GOAL OF THE EXERCISE :: The answer is a stretch of the material below, returned exactly: the line containing "Drone shot of", the line containing "Vue latérale d'une", and all lines between.

SUPPLIED MATERIAL ::
=-=-=

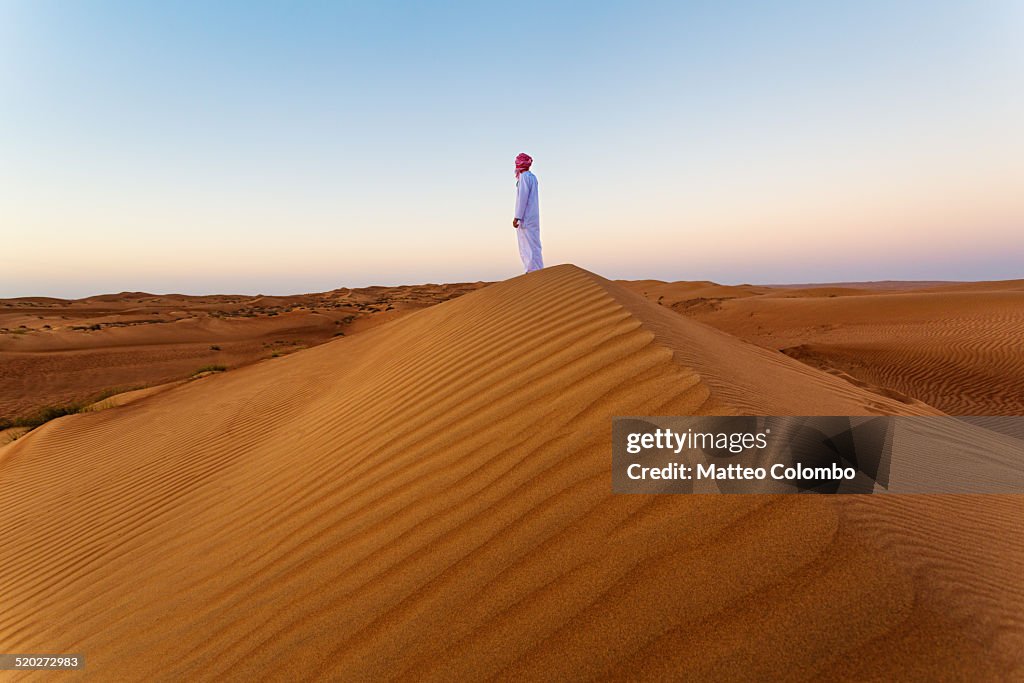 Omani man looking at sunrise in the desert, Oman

=-=-=

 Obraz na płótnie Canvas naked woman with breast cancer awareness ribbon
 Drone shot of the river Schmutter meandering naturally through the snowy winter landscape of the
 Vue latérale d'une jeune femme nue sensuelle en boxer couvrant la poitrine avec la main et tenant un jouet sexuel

=-=-=

WRITTEN ANSWER ::
 Drone shot of the river Schmutter meandering naturally through the snowy winter landscape of the
 Vue latérale d'une jeune femme nue sensuelle en boxer couvrant la poitrine avec la main et tenant un jouet sexuel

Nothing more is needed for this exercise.